The effective income tax rate for the first quarter of 1998 was 38 percent as
compared to 39 percent for the first quarter of 1997. The effective rates for
each period were higher than the statutory corporate federal income tax rate
principally due to the nondeductibility for tax purposes of certain costs in
excess of net assets acquired associated with previous acquisition activities.

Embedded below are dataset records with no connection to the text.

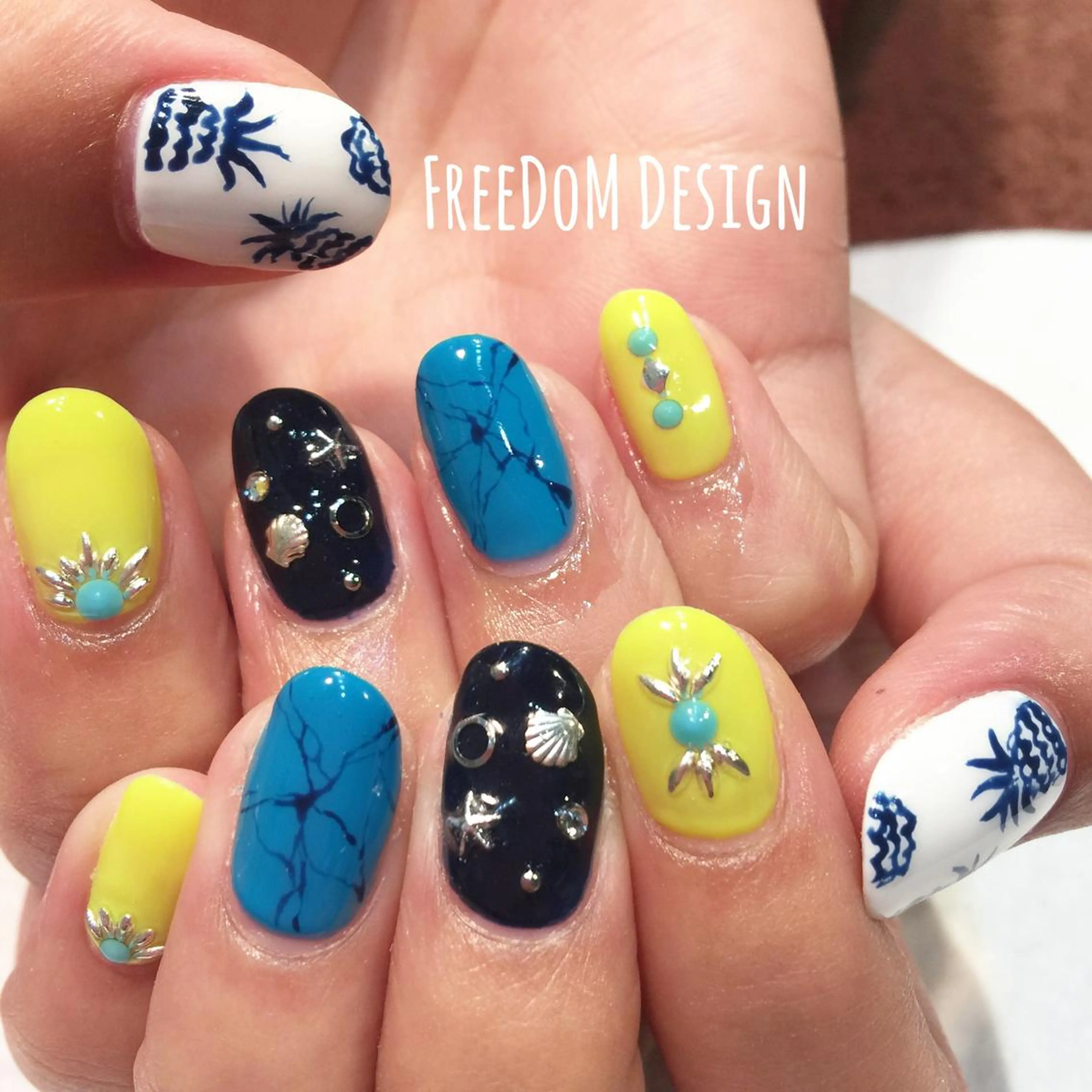 ネイル アートネイル ハンドネイル ＦreeDoＭ   Design所属・W KUMIのネイルデザイン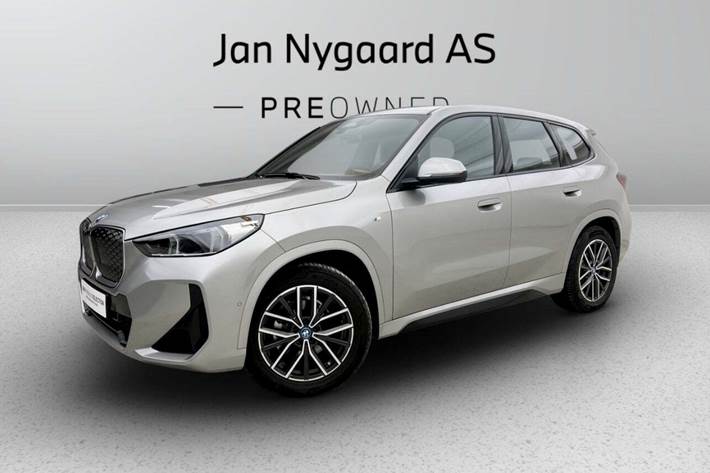 Sølv BMW iX1 fra 2025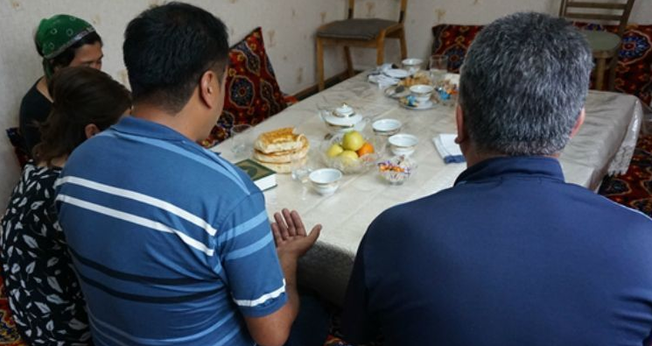 Ao chegarem na delegacia, os cristãos passaram horas sendo interrogados pela polícia. (Foto: Reprodução)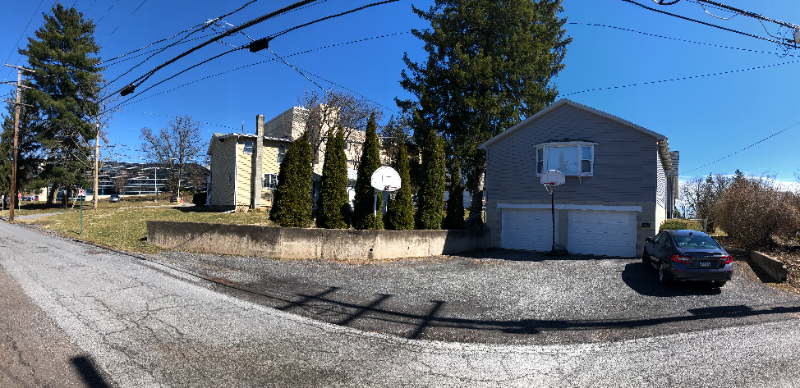 978 Line St - Photo 4 of 4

The Corporation's backlog of undelivered orders was approximately $45.2
billion at March 31, 1998, versus $47.1 billion reported at December 31, 1997.
The Corporation received orders for approximately $4.7 billion in new and
follow-on business during the first three months of 1998.
The following table displays first quarter net sales and operating profit for
the Corporation's business segments.
Three Months Ended
March 31,
1998 1997
------ ------
(In millions)
Net Sales:
Space & Strategic Missiles $1,907 $1,898
Electronics 1,698 1,738
Information & Services 1,212 1,647
Aeronautics 1,351 1,359
Energy and Other 49 32
------ ------
$6,217 $6,674
====== ======
12
LOCKHEED MARTIN CORPORATION
MANAGEMENT'S DISCUSSION AND ANALYSIS OF FINANCIAL CONDITION
AND RESULTS OF OPERATIONS (Continued)
Three Months Ended
March 31,
1998 1997
----- -----
(In millions)
Operating Profit:
Space & Strategic Missiles $ 267 $ 319
Electronics 141 131
Information & Services 55 76
Aeronautics 151 127
Energy and Other 33 24
----- -----
$ 647 $ 677
===== =====
Effective January 1, 1998, management responsibility for the Corporation's
United Space Alliance joint venture was reassigned from the Information &
Services segment to the Space & Strategic Missiles segment. Management
reporting of certain other activities was also reassigned among the Space &
Strategic Missiles, Electronics, and Energy and Other segments. Consequently,
1997 operating profit amounts for these segments have been restated to conform
with the 1998 presentation.
Net sales of the Space & Strategic Missiles segment increased slightly in the
first quarter of 1998 from the comparable 1997 first quarter period. An
increase in launch vehicle volume during 1998 was offset by lower Titan and
Fleet Ballistic Missile activity. Operating profit for the first quarter of
1998 decreased by 16 percent as compared to 1997, principally because of the
recognition in the first quarter of 1997 of improved performance and award fees
on the Corporation's Titan launch vehicle program and Trident fleet ballistic
missile program, respectively, partially offset by one additional Atlas launch
in the first quarter of 1998 versus the comparable 1997 period.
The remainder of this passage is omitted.